▶ **REQUIREMENT**: Please repeat the entries below exactly as written, leaving out any images.

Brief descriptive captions
■ ■ ■ ■
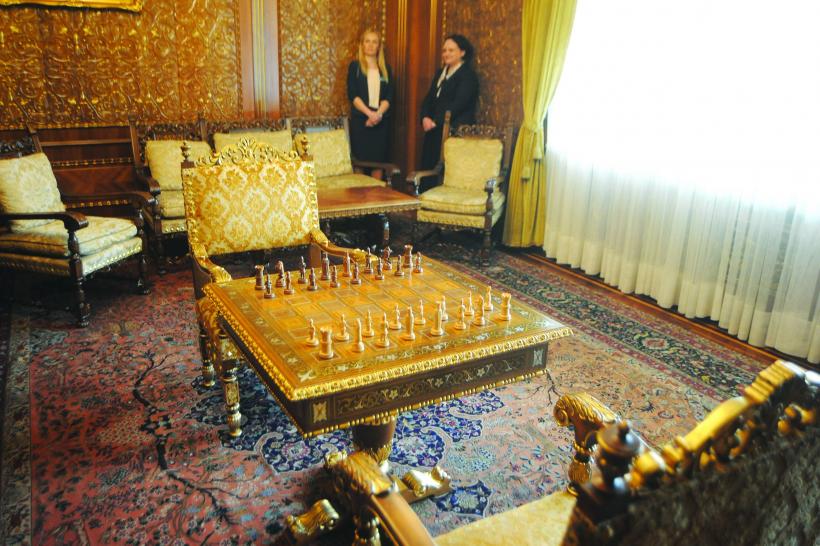 Vizitatorii s-ar putea întâlni cu Ceaușescu în Palatul Primăverii. Doar cu holograma sa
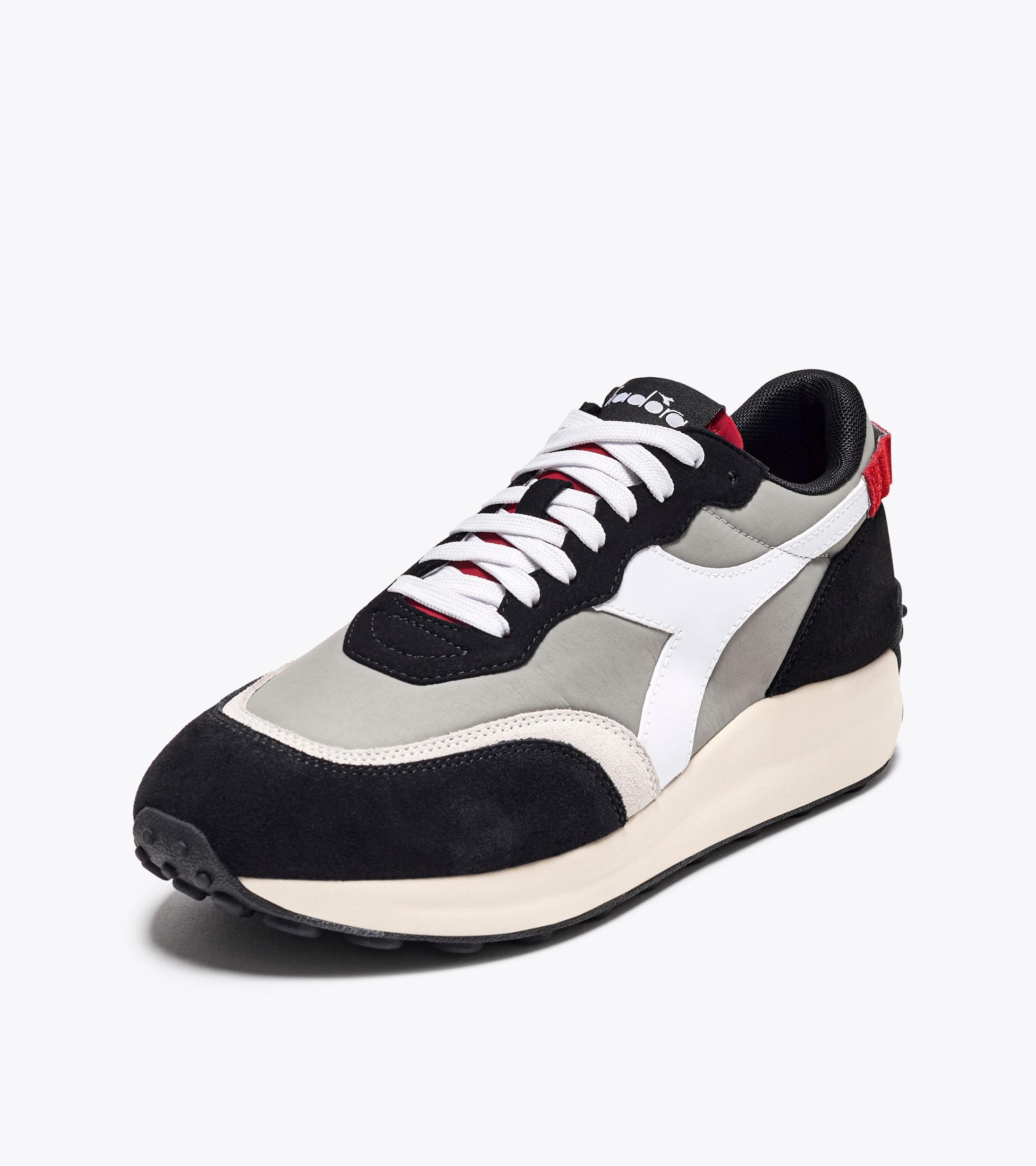 RACE NYL Product Image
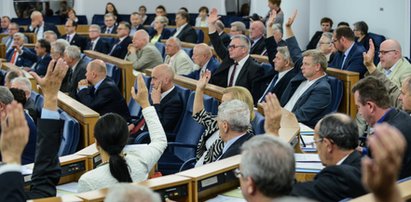 Senat przyjął ustawę o in vitro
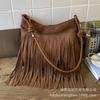 Сумка с кисточкой в стиле ретро женская 2025 новая модная универсальная популярная замшевая сумка через плечо сумка-мессенджер для поездок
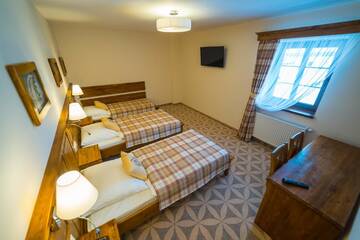 Фото номера Deluxe Triple Room (***) Отель Zajazd Chyżne г. Chyżne 4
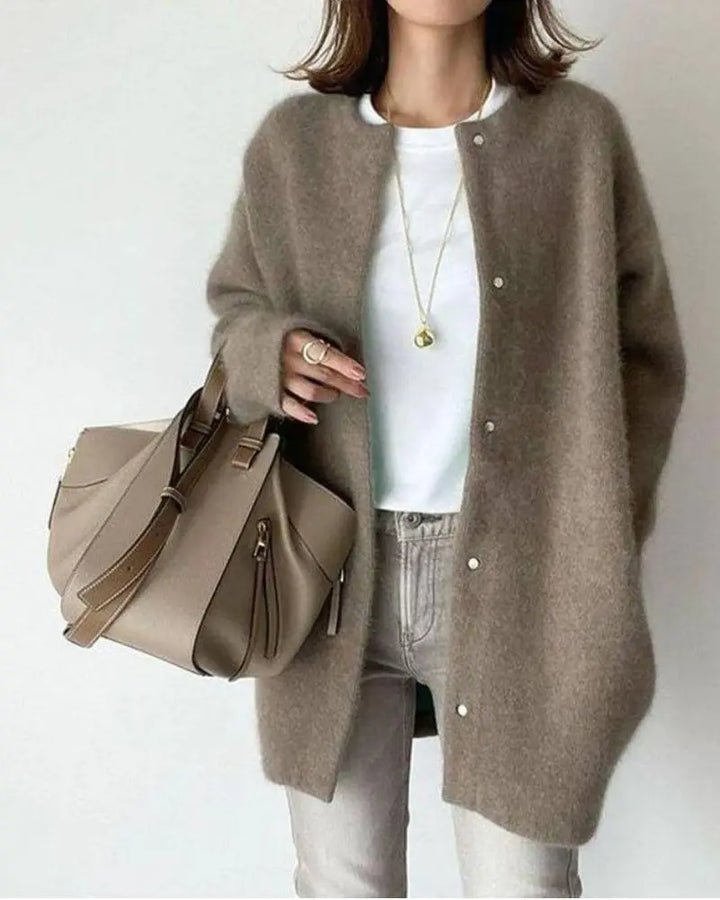 Women's Wool Blend Cardigan with Deep Pockets in a Relaxed Fit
■ ■ ■ ■
▶ **WRITTEN SOLUTION**:
 Vizitatorii s-ar putea întâlni cu Ceaușescu în Palatul Primăverii. Doar cu holograma sa
 RACE NYL Product Image
 Senat przyjął ustawę o in vitro
 Сумка с кисточкой в стиле ретро женская 2025 новая модная универсальная популярная замшевая сумка через плечо сумка-мессенджер для поездок
 Фото номера Deluxe Triple Room (***) Отель Zajazd Chyżne г. Chyżne 4
 Women's Wool Blend Cardigan with Deep Pockets in a Relaxed Fit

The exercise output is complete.